Segment Start: GIVEN ENTRIES

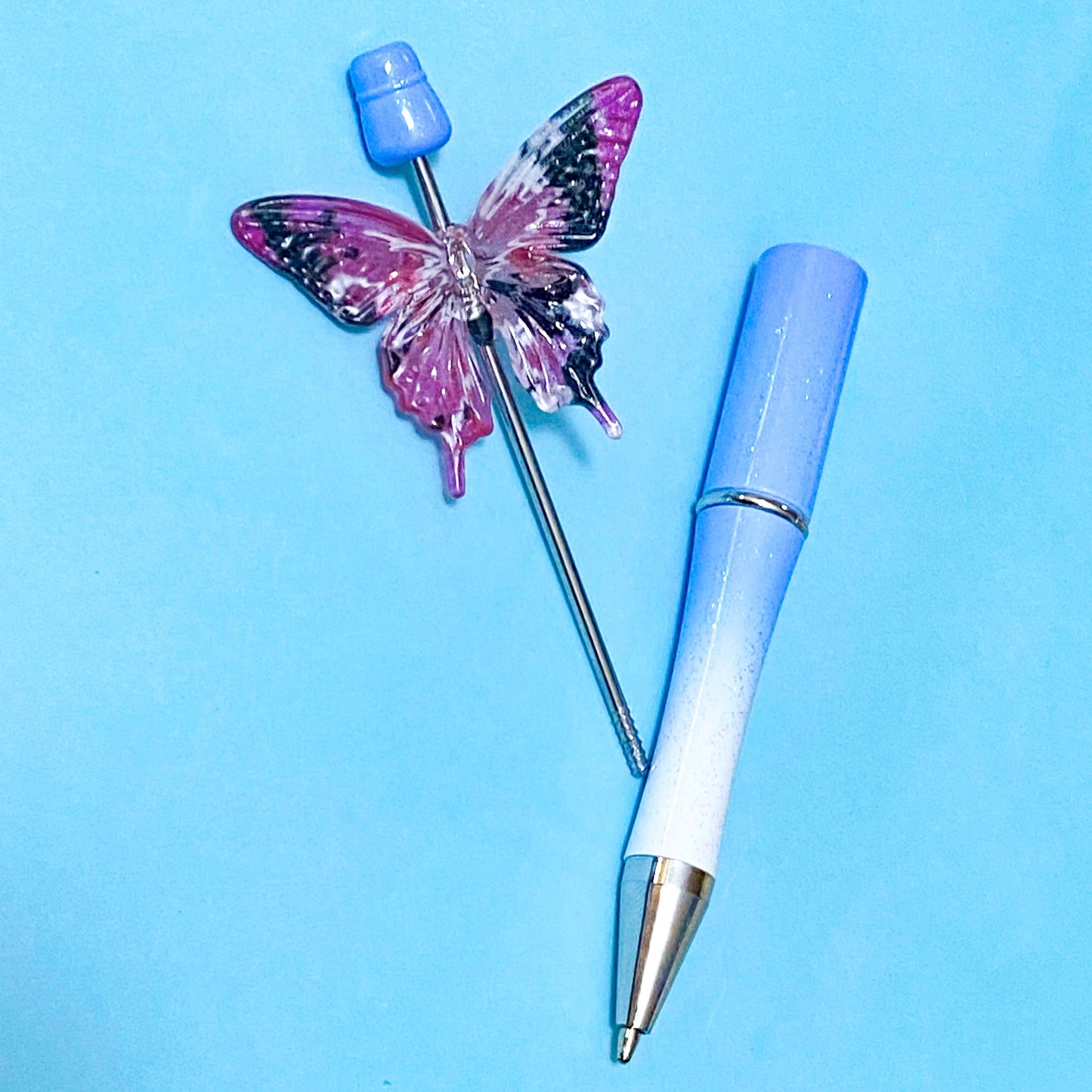 very large butterfly acrylic bead on a blue pen base
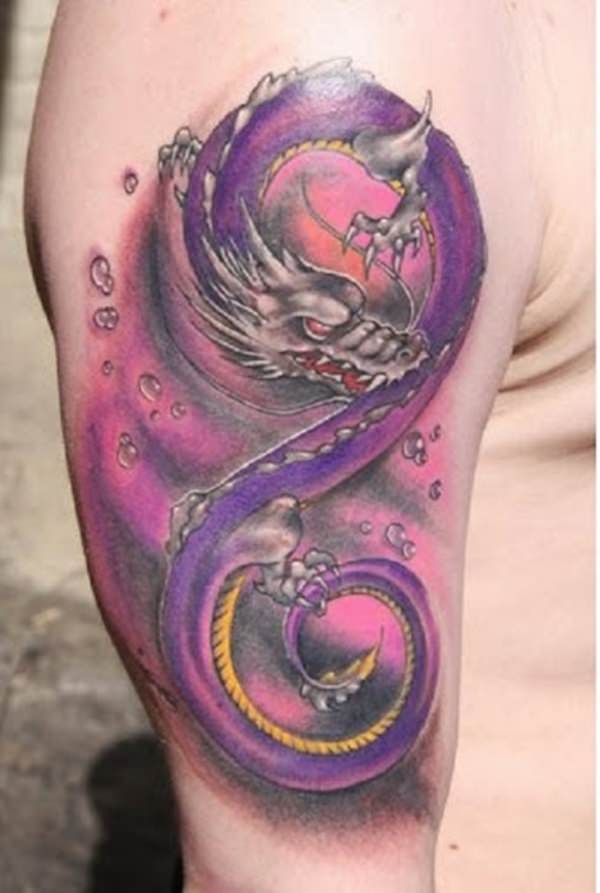 Colorful snake dragon tattoo on right upper arm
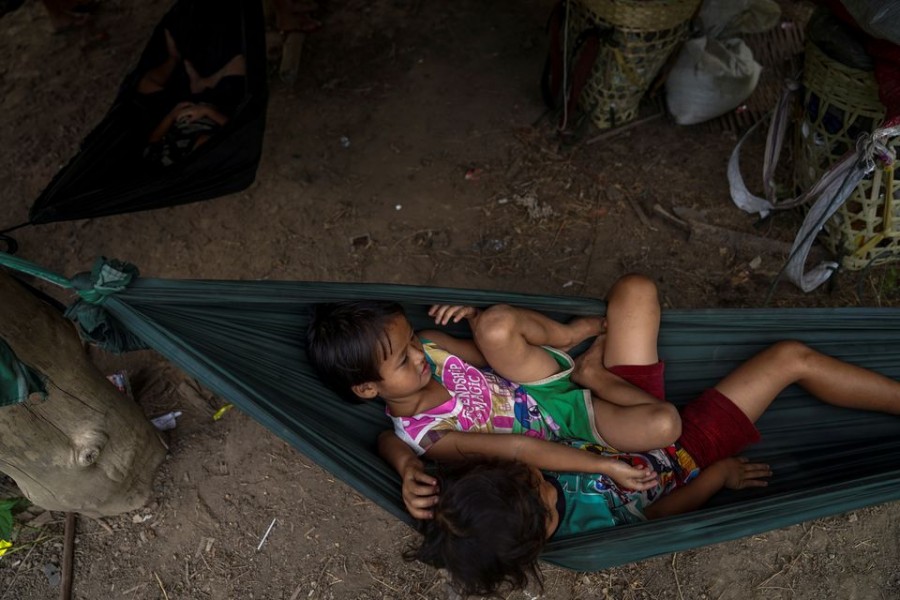 Children sit in a hammock near the Burmese border in Mae Hong Son province, Thailand, while fleeing from gunfire between ethnic minority Karen insurgents and Myanmar military, April 29, 2021. REUTERS/Athit Perawongmetha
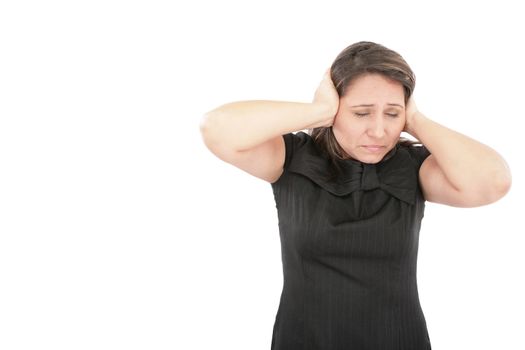 Stressed young woman covering his ears, grimacing and gesturing stop the noise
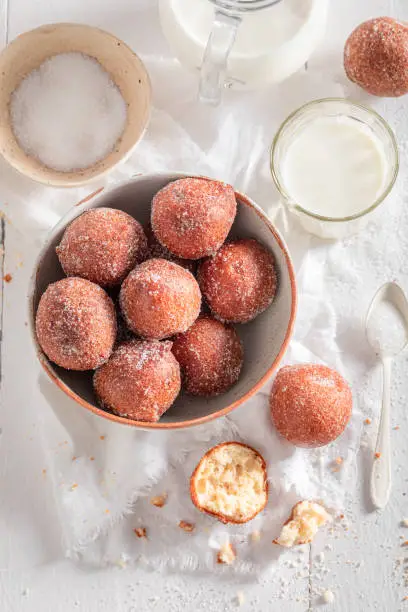 Photo of Hot mini doughnuts with caster sugar and milk.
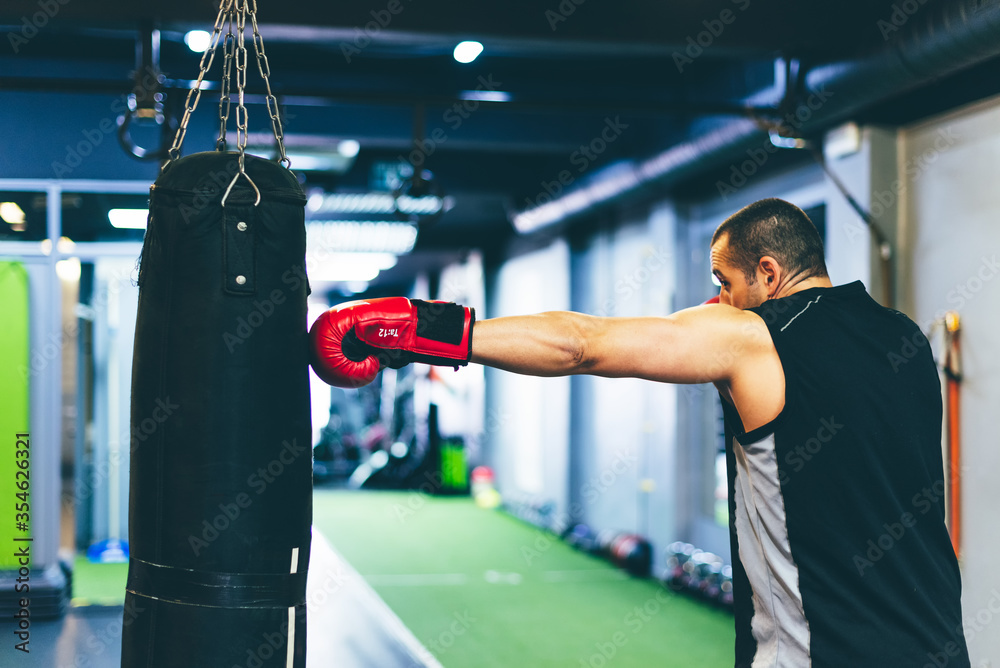 Latin boxer with red gloves hitting sack with the left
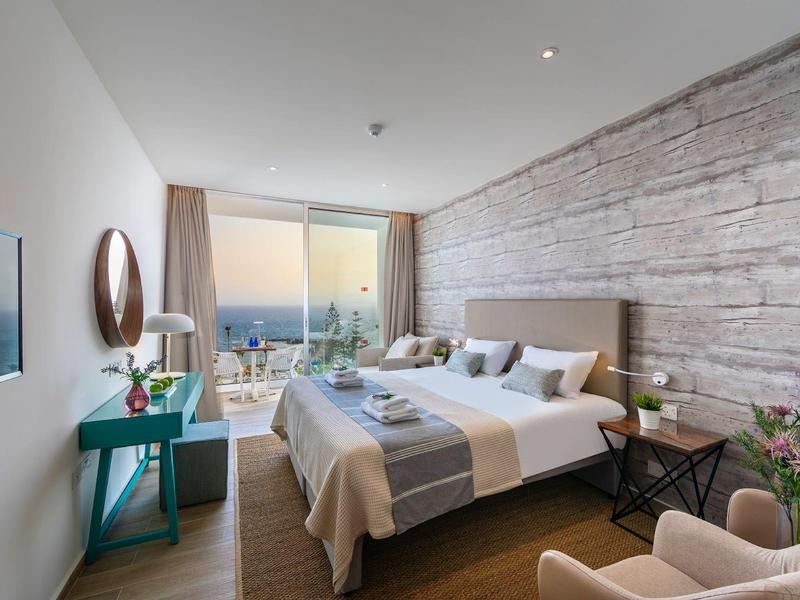 Modernes Schlafzimmer mit großem Bett, Steinwand, türkisfarbenem Schreibtisch und Panoramafenster.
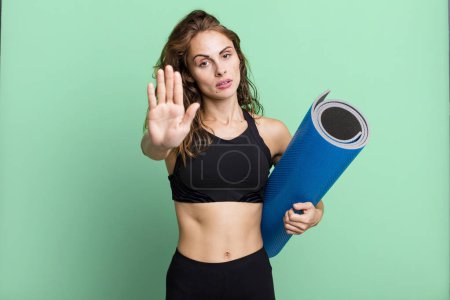 Photo for Hispanic pretty woman looking serious showing open palm making stop gesture. fitness and yoga concept - Royalty Free Image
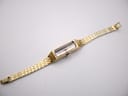 Full length, slightly angled view of the vintage Seiko watch on a clear stand, showcasing the gold-tone bracelet.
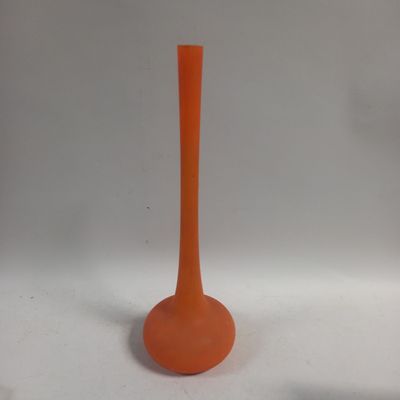 un vase orange posé sur une surface blanche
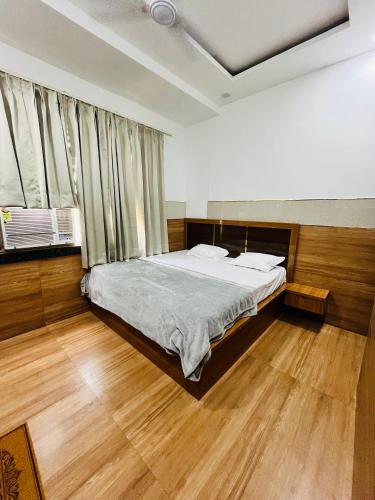 a bedroom with a bed with wooden floors and a window at Hari Kamal Invitation in Mathura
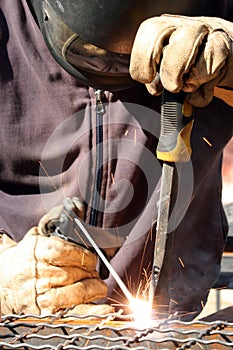 Welder welding a metal part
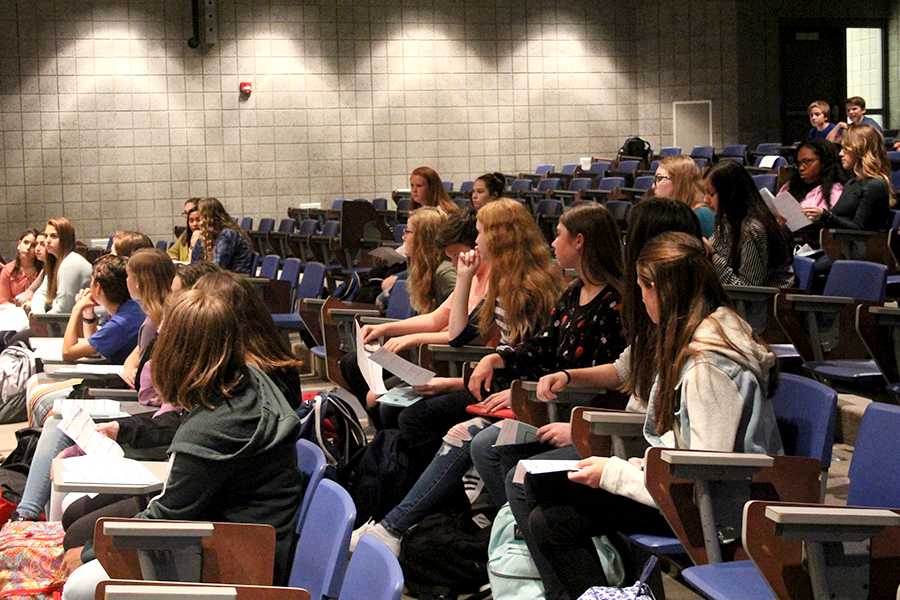 Eliza Hoeckleberg (9) and the other members of her class attentively listen. Mrs. Robin May, counselor, and Mrs. Jamie Rodgers, counselor, explained fundraisers for the class of 2021’s school dances.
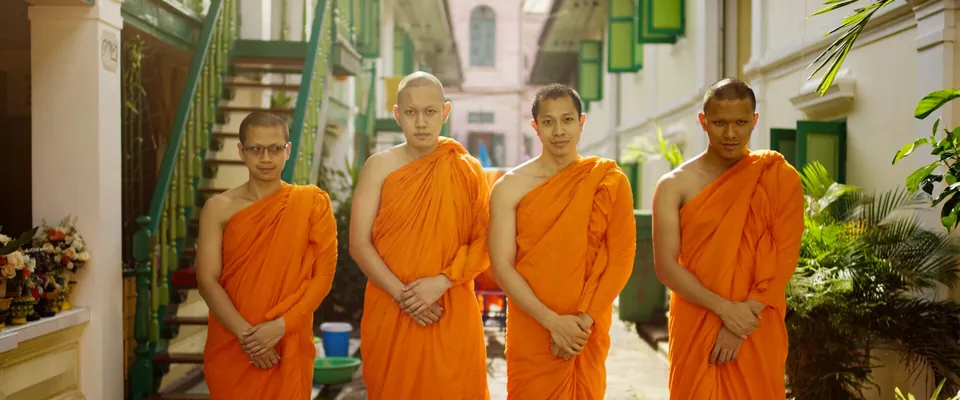 Vier Mönche in orangefarbenen Roben vor einem Innenhof in Thailand, Szene aus dem Wundrwatch Werbefilm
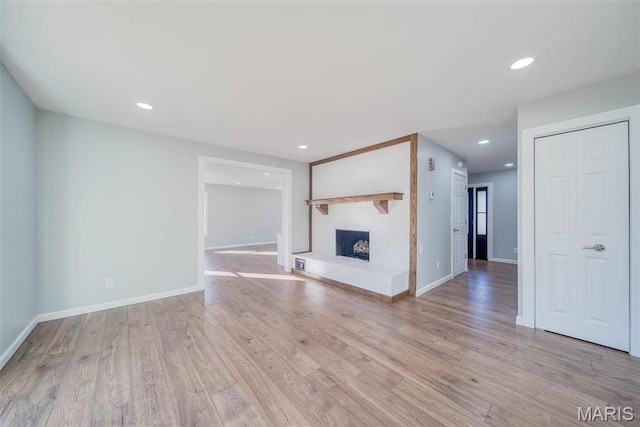 11880 County Road 3040, Rolla, MO 65401 - unfurnished living room with wood finished floors, a fireplace, and recessed lighting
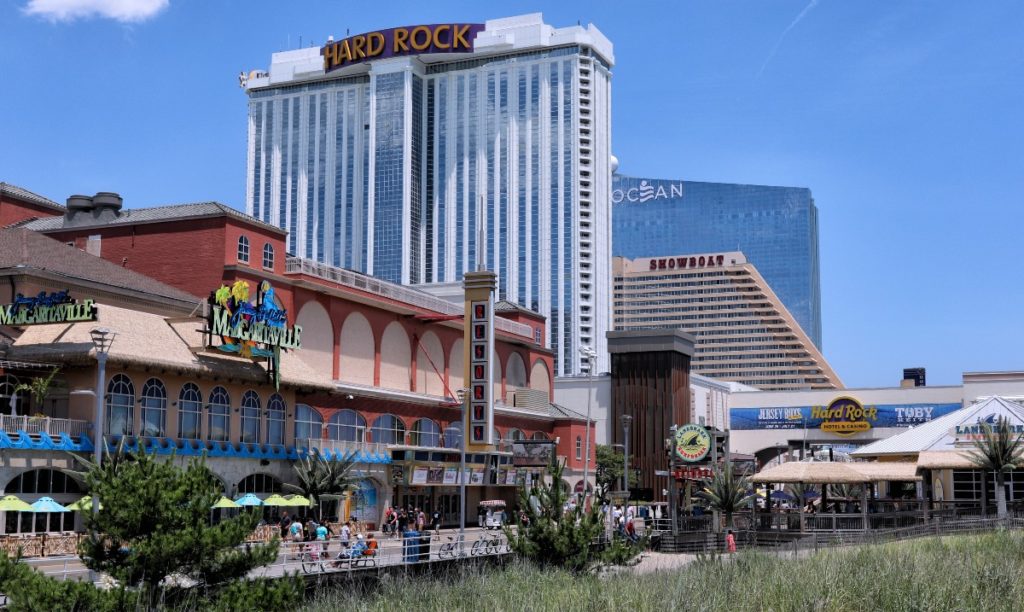 Atlantic City boardwalk with several casinos in the foreground.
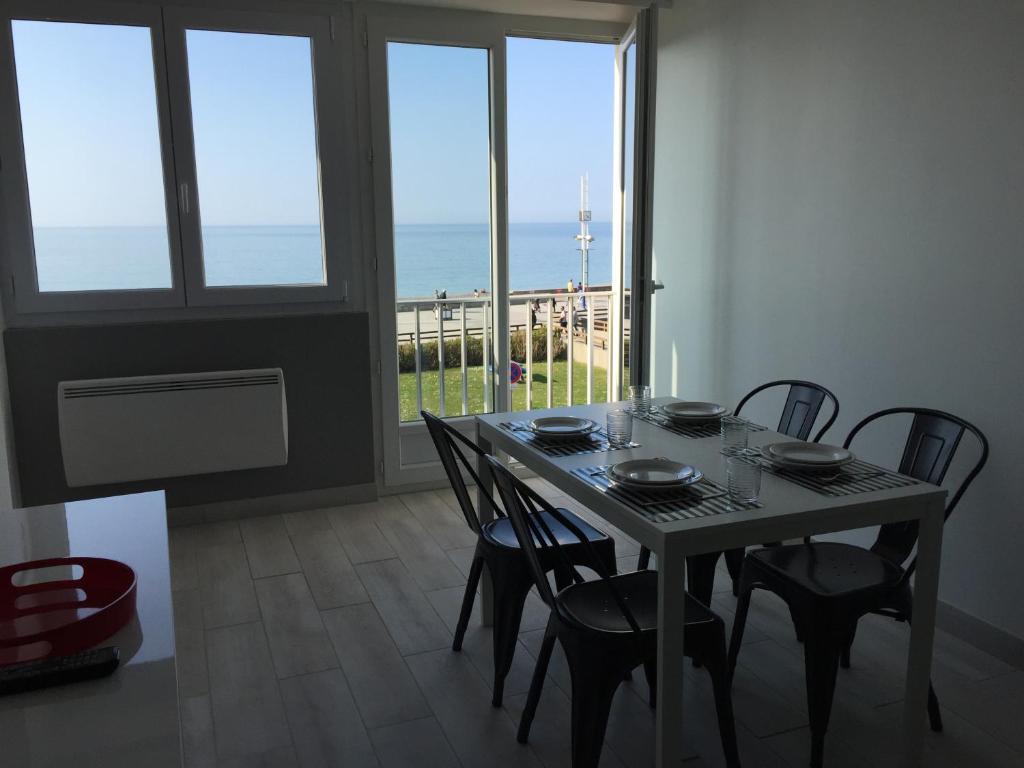 - une salle à manger avec une table et des chaises offrant une vue sur l'océan dans l'établissement Entre mer et falaises, au Tréport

Segment End: GIVEN ENTRIES

_YOUR TASK_: Set down the entries above exactly, and keep every picture out of your copy.

_SOLUTION TO THIS PROBLEM_:
 very large butterfly acrylic bead on a blue pen base
 Colorful snake dragon tattoo on right upper arm
 Children sit in a hammock near the Burmese border in Mae Hong Son province, Thailand, while fleeing from gunfire between ethnic minority Karen insurgents and Myanmar military, April 29, 2021. REUTERS/Athit Perawongmetha
 Stressed young woman covering his ears, grimacing and gesturing stop the noise
 Photo of Hot mini doughnuts with caster sugar and milk.
 Latin boxer with red gloves hitting sack with the left
 Modernes Schlafzimmer mit großem Bett, Steinwand, türkisfarbenem Schreibtisch und Panoramafenster.
 Photo for Hispanic pretty woman looking serious showing open palm making stop gesture. fitness and yoga concept - Royalty Free Image
 Full length, slightly angled view of the vintage Seiko watch on a clear stand, showcasing the gold-tone bracelet.
 un vase orange posé sur une surface blanche
 a bedroom with a bed with wooden floors and a window at Hari Kamal Invitation in Mathura
 Welder welding a metal part
 Eliza Hoeckleberg (9) and the other members of her class attentively listen. Mrs. Robin May, counselor, and Mrs. Jamie Rodgers, counselor, explained fundraisers for the class of 2021’s school dances.
 Vier Mönche in orangefarbenen Roben vor einem Innenhof in Thailand, Szene aus dem Wundrwatch Werbefilm
 11880 County Road 3040, Rolla, MO 65401 - unfurnished living room with wood finished floors, a fireplace, and recessed lighting
 Atlantic City boardwalk with several casinos in the foreground.
 - une salle à manger avec une table et des chaises offrant une vue sur l'océan dans l'établissement Entre mer et falaises, au Tréport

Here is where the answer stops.